Dix ans après la mort d’Edouard Glissant, il est plus que jamais présent dans le champ éditorial, avec, en 2020, deux volumes d’Actes, les deux premiers tomes de la trilogie de Loïc Céry consacrée à Edouard Glissant, une traversée de l’esclavage et, en 2021, la réédition des Manifestes de Glissant et Chamoiseau, enfin un Edouard Glissant, déchiffrer le monde par Aliocha Wald Lasowski.

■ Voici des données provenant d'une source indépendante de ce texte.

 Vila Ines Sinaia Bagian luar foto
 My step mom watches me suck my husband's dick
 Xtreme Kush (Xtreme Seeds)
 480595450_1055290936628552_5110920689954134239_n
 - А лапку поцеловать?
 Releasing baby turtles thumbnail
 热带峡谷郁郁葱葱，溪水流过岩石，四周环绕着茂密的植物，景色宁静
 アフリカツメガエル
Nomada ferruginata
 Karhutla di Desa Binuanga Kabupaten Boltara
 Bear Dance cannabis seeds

Toute cette littérature glissantienne n’est pas au même niveau et le livre de Lasowski s’avère particulièrement décevant. Car l’auteur parle moins de Glissant qu’autour de lui, multipliant les rapprochements sans démontrer leur pertinence. Par exemple, en matière de cinéma, avec James Gray, Mati Diop, Abderrhamane Sissako, des noms jetés comme au hasard dont on nous prie de croire qu’ils sont en communion (implicite, subliminale ?) avec la pensée de Glissant. D’une manière générale, ce livre, en sautant d’une personnalité à l’autre, esquive constamment l’analyse qu’on attendrait. Fallait-il vraiment présenter Kamala Harris dans un ouvrage consacré à Glissant ? Encore n’est-ce qu’une page. Il y en a bien davantage pour évoquer, autres exemples, Ségalen, Perse, Césaire, (leur bio-bibliographie suivie de l’énoncé d’une ou deux idées qui leur seraient propres), des pages dans lesquelles la part de Glissant est réduite à presque rien. Ainsi, dans la section de dix-huit pages consacrées à Césaire, où l’on trouve de tout, y compris une mention du Manifeste pour une littérature-monde en français, la part réservée au rapport de Glissant au poète martiniquais se résume à la citation de quelques lignes consacrées au second dans L’Intention poétique (Poétique II). On trouve de tout dans ces pages,… sauf l’essentiel, en l’occurrence, à savoir les réticences de Glissant à l’égard de la négritude de Césaire.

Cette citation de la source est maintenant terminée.